Leaving out all pictures, transcribe the lines below exactly, from the first through the line containing "I wonder why".

Top of Data to examine

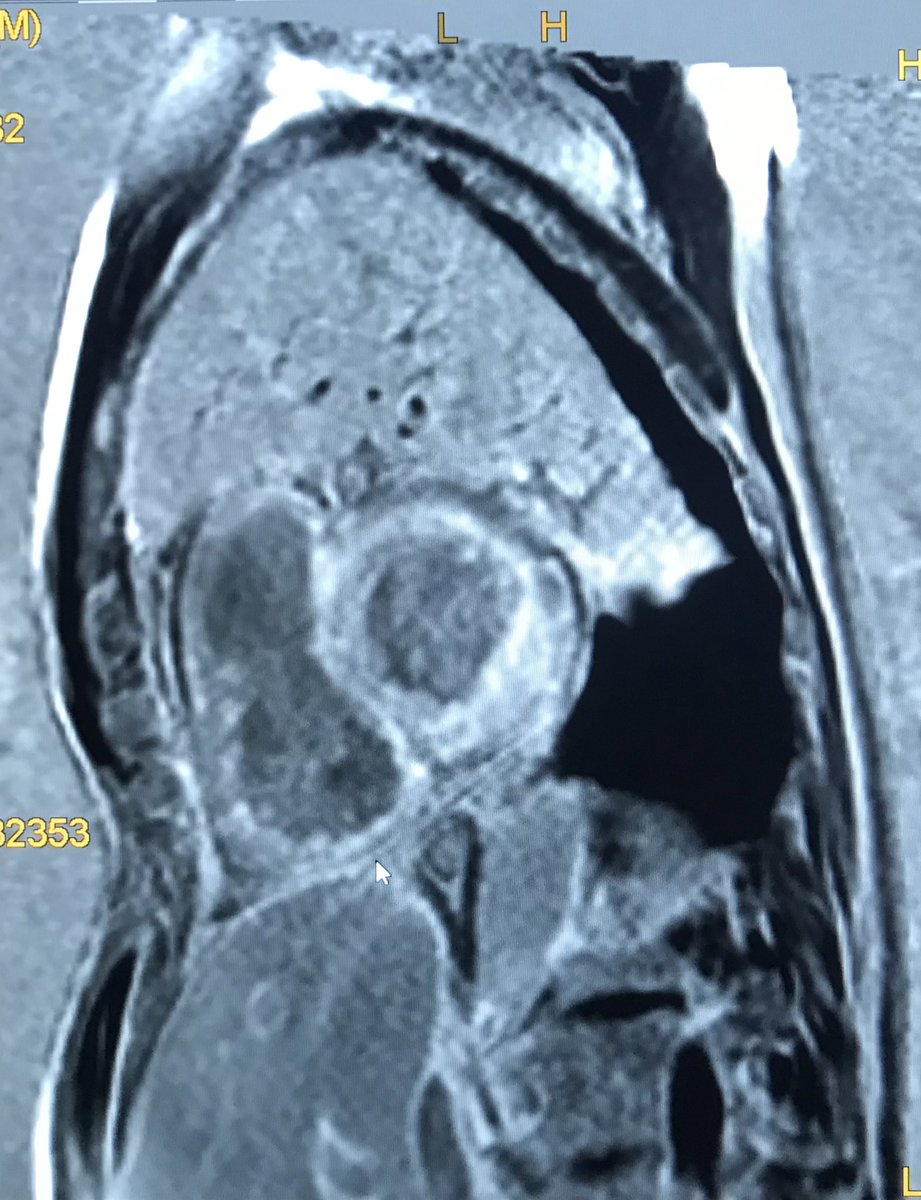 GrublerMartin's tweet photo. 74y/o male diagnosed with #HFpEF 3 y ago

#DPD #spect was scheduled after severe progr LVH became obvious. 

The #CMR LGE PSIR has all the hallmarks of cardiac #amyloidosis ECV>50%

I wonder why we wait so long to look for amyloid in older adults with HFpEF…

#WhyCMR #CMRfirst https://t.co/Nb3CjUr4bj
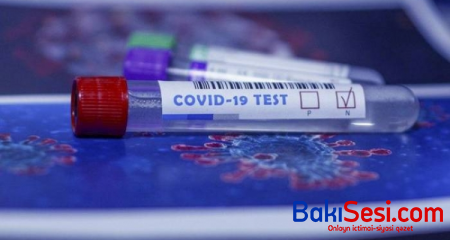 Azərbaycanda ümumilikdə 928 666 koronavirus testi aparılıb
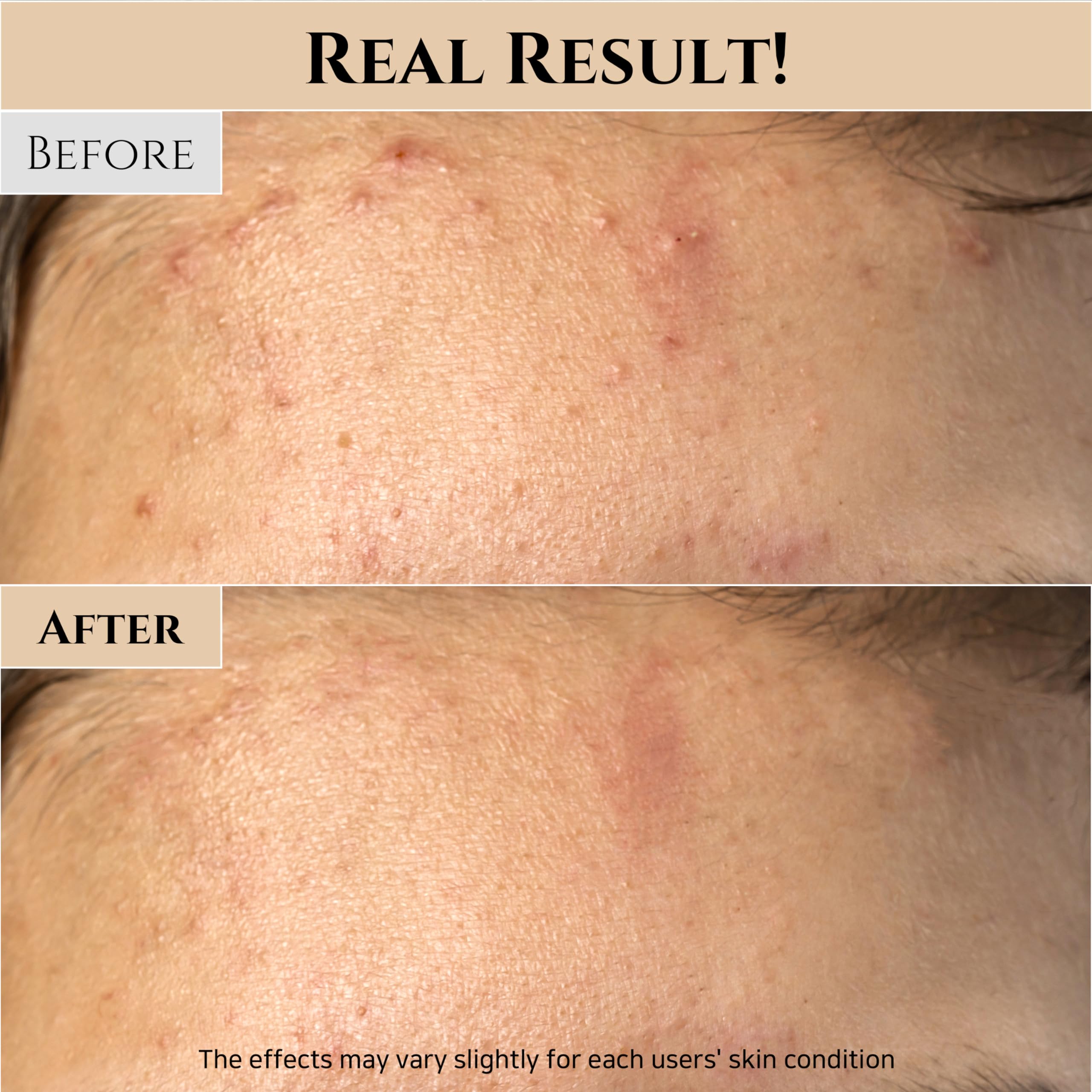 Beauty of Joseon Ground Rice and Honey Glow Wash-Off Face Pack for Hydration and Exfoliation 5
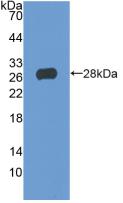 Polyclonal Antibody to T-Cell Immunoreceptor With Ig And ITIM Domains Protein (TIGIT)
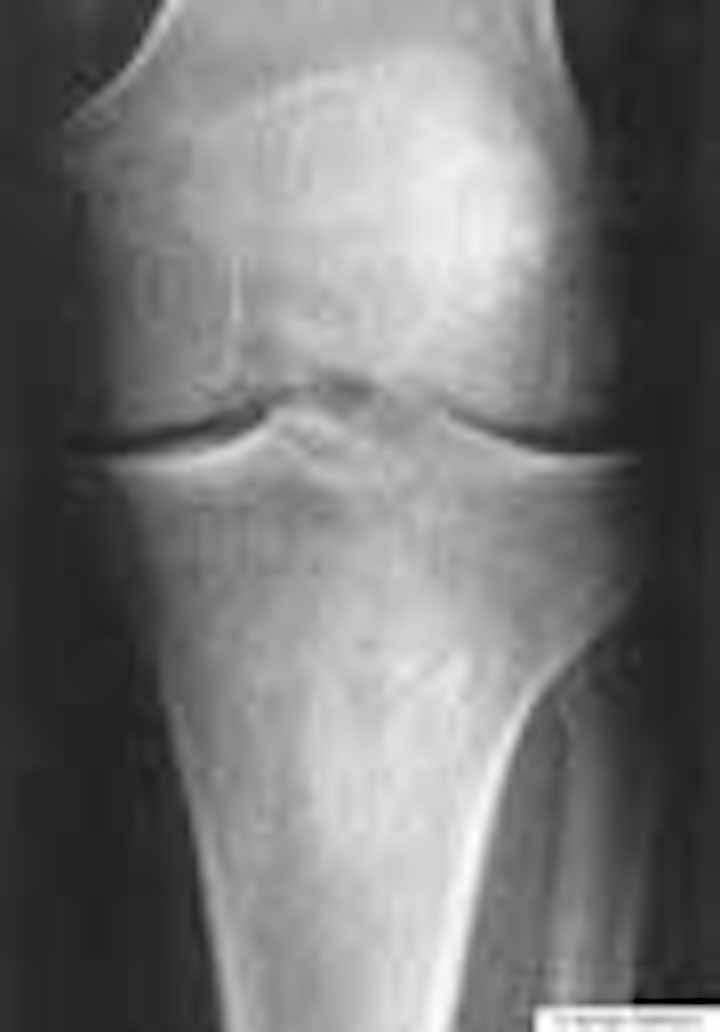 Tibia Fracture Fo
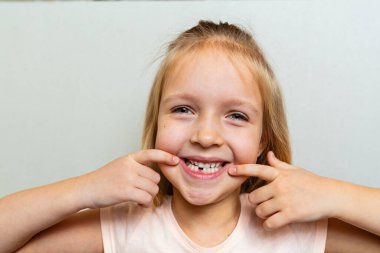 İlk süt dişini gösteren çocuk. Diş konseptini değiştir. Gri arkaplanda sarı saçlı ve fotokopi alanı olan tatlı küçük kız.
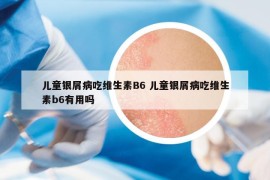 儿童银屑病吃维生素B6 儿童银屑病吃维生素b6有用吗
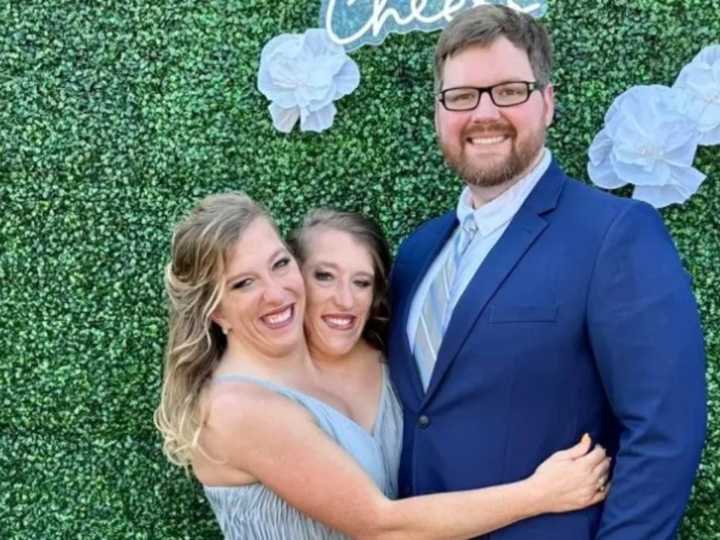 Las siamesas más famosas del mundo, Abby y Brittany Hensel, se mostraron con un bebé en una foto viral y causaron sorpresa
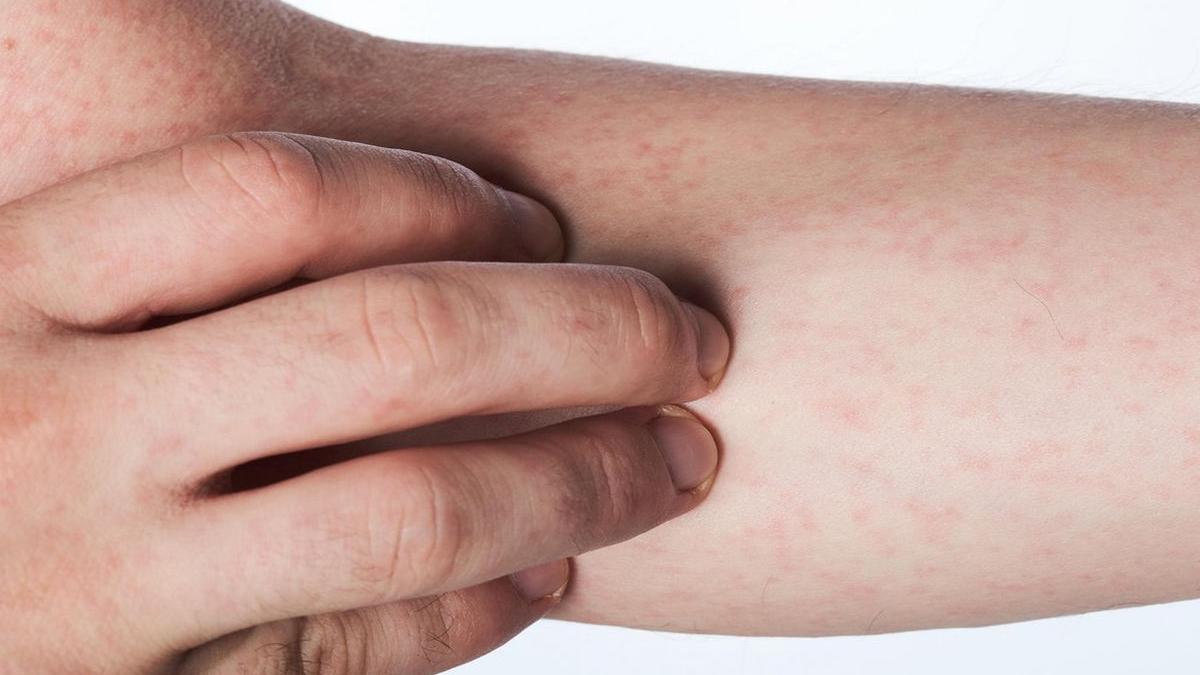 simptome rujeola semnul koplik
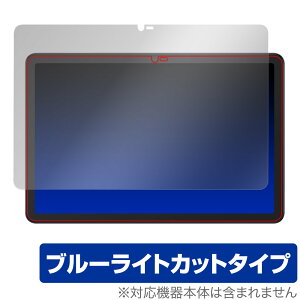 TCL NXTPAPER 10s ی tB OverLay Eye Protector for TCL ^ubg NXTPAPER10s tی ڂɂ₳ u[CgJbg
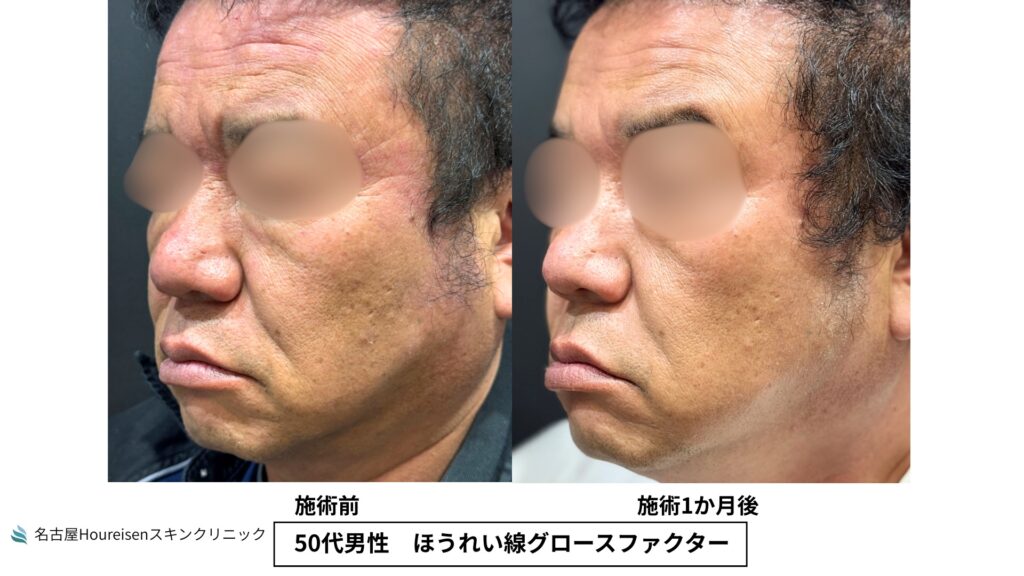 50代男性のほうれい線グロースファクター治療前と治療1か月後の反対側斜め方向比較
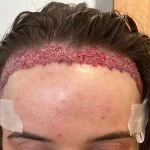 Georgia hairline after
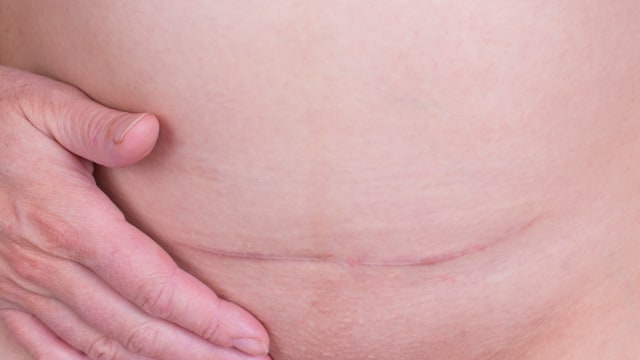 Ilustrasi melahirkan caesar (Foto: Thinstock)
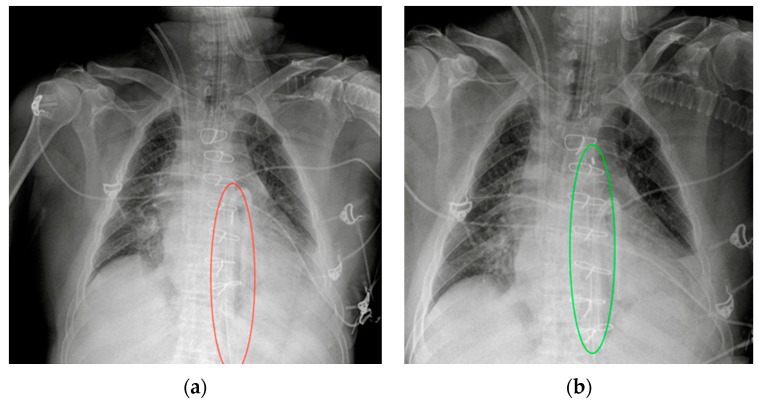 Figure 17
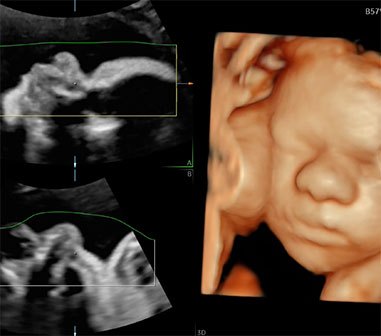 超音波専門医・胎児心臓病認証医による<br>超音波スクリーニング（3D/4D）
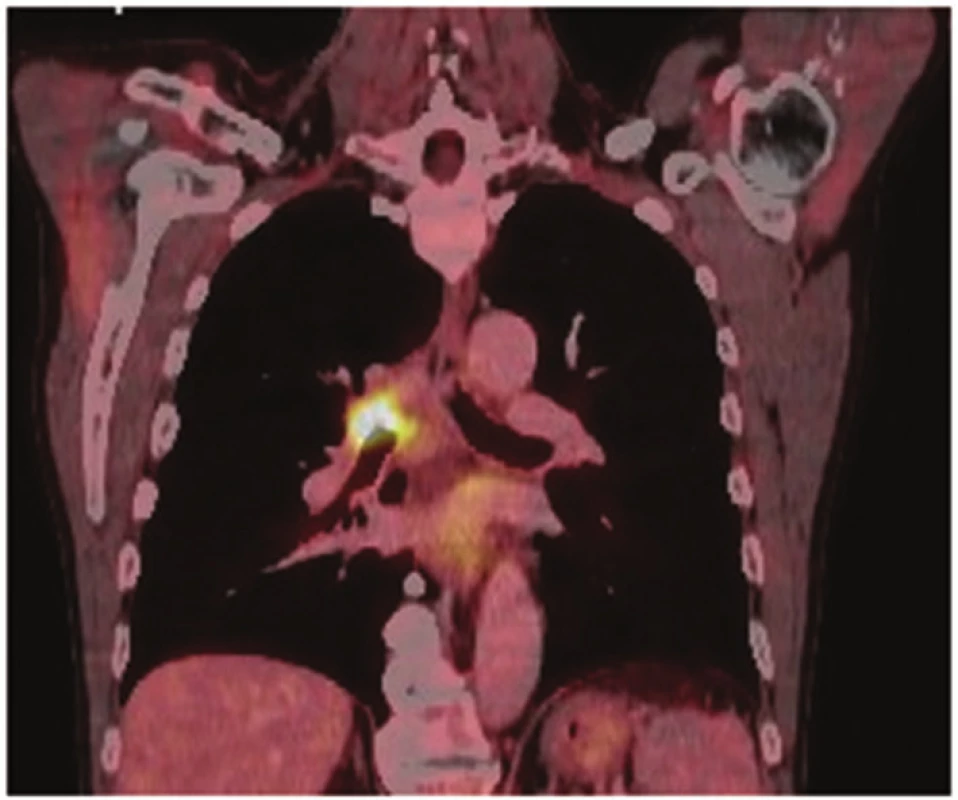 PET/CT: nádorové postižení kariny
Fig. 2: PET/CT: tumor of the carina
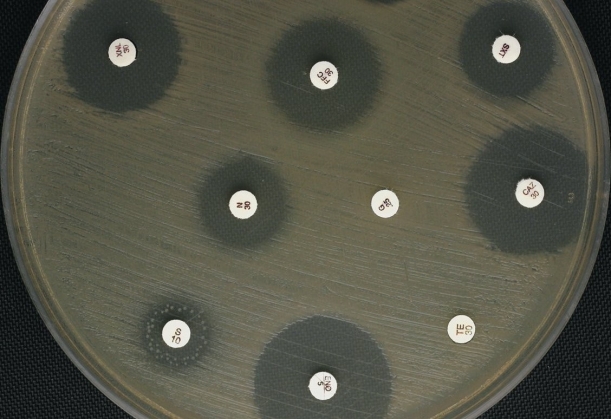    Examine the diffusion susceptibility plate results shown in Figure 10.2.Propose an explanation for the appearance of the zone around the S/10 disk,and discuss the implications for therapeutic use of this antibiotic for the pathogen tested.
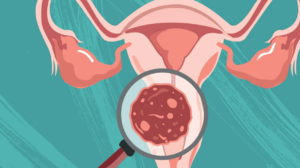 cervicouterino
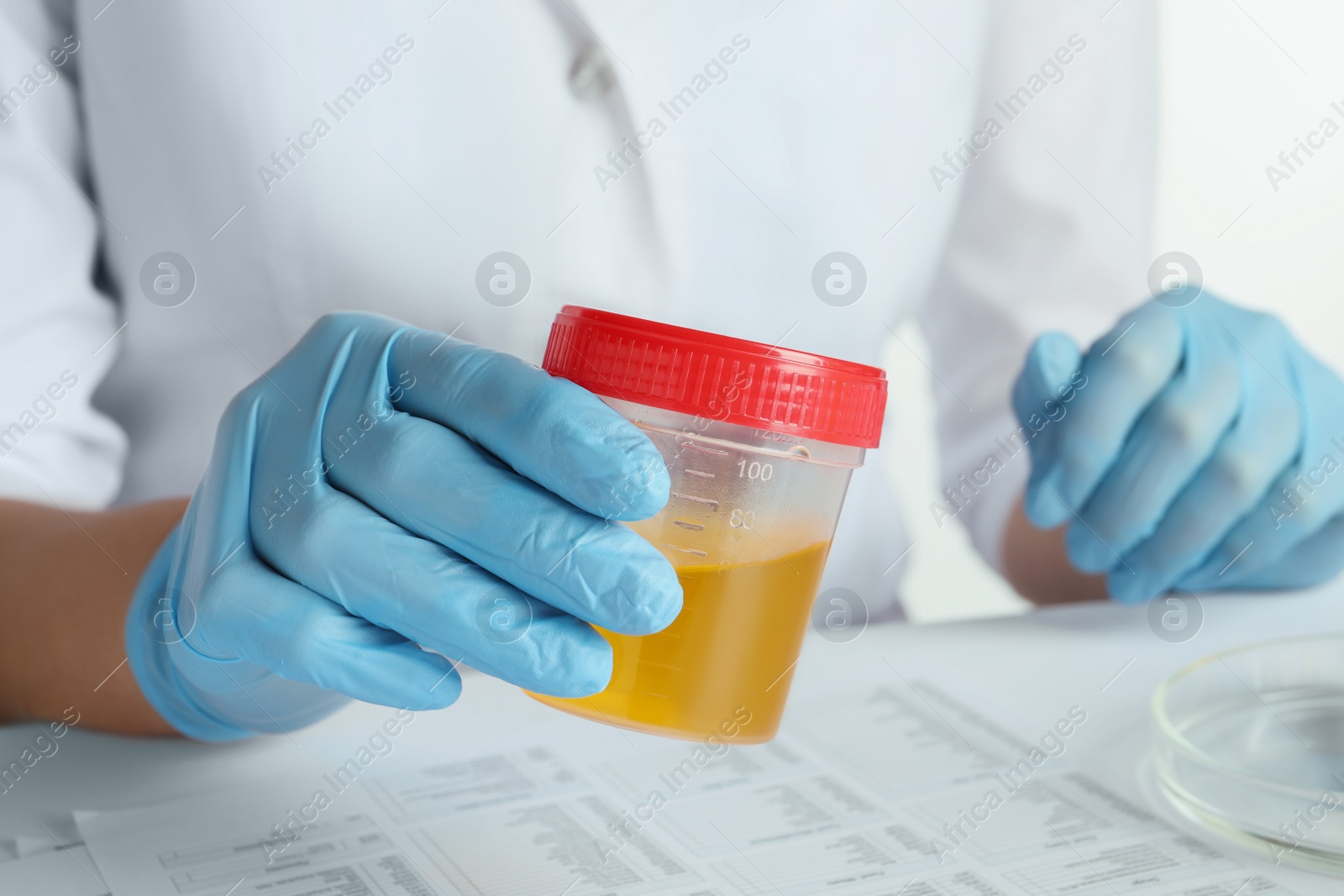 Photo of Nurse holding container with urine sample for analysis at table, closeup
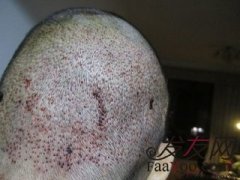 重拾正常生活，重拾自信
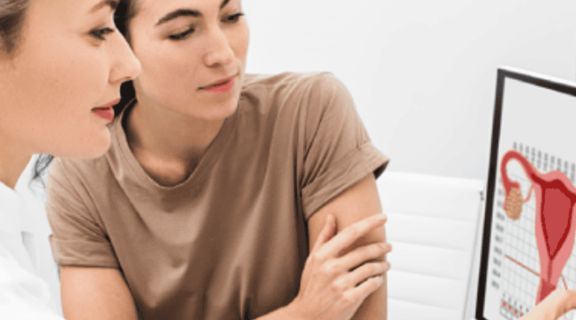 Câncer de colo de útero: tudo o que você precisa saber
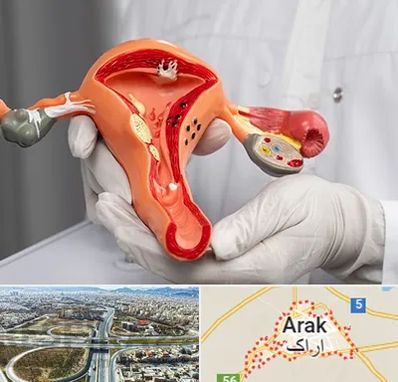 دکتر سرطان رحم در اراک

Bottom of Data to examine

▶ **Answer area**
 GrublerMartin's tweet photo. 74y/o male diagnosed with #HFpEF 3 y ago

#DPD #spect was scheduled after severe progr LVH became obvious. 

The #CMR LGE PSIR has all the hallmarks of cardiac #amyloidosis ECV>50%

I wonder why we wait so long to look for amyloid in older adults with HFpEF…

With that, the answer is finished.